**Work to be completed:**
Your job is to set down the stretch of entries that opens with the line containing "Moderne, goed onderhouden" and closes with the line containing "211-35 23 Ave, Bayside, NY 11360 - Photo 21". Keep both end lines, copy each exactly, and add nothing.

=== Dataset records ===

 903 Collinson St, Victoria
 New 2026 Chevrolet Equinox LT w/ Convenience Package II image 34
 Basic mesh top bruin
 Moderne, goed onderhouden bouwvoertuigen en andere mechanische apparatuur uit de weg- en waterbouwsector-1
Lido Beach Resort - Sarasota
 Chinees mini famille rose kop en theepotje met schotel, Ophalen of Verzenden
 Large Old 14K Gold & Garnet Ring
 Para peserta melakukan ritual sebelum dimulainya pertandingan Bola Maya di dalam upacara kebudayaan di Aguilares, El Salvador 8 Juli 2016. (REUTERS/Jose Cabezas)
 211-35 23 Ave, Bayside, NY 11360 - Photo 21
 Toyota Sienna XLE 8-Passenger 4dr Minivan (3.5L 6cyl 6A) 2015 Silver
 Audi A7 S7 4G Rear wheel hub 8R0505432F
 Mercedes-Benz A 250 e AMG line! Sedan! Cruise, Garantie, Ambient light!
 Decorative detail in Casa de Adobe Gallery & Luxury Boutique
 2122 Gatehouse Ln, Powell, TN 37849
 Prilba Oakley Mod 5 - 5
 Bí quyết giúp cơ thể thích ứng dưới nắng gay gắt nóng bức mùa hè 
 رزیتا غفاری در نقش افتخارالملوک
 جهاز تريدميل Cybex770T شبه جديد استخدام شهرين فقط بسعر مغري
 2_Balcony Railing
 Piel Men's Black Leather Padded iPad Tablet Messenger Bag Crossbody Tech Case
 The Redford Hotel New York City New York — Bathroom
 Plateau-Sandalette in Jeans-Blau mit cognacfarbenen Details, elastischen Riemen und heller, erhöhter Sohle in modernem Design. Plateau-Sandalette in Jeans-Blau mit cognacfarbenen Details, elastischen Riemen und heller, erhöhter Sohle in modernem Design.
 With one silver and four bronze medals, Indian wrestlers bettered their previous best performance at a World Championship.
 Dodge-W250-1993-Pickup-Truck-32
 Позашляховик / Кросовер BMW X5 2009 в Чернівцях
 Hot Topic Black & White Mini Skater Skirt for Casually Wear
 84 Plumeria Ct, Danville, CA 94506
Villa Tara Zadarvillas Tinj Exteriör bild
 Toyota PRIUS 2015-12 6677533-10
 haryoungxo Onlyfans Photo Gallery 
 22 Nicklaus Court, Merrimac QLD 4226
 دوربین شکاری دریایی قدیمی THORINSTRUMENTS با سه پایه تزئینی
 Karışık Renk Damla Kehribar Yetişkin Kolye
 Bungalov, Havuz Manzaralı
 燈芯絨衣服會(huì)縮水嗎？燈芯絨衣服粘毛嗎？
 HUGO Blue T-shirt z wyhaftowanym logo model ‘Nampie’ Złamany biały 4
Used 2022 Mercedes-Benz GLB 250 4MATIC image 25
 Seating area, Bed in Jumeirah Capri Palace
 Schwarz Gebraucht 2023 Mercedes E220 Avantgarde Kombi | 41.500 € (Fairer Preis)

===

**Output for this task:**
 Moderne, goed onderhouden bouwvoertuigen en andere mechanische apparatuur uit de weg- en waterbouwsector-1
Lido Beach Resort - Sarasota
 Chinees mini famille rose kop en theepotje met schotel, Ophalen of Verzenden
 Large Old 14K Gold & Garnet Ring
 Para peserta melakukan ritual sebelum dimulainya pertandingan Bola Maya di dalam upacara kebudayaan di Aguilares, El Salvador 8 Juli 2016. (REUTERS/Jose Cabezas)
 211-35 23 Ave, Bayside, NY 11360 - Photo 21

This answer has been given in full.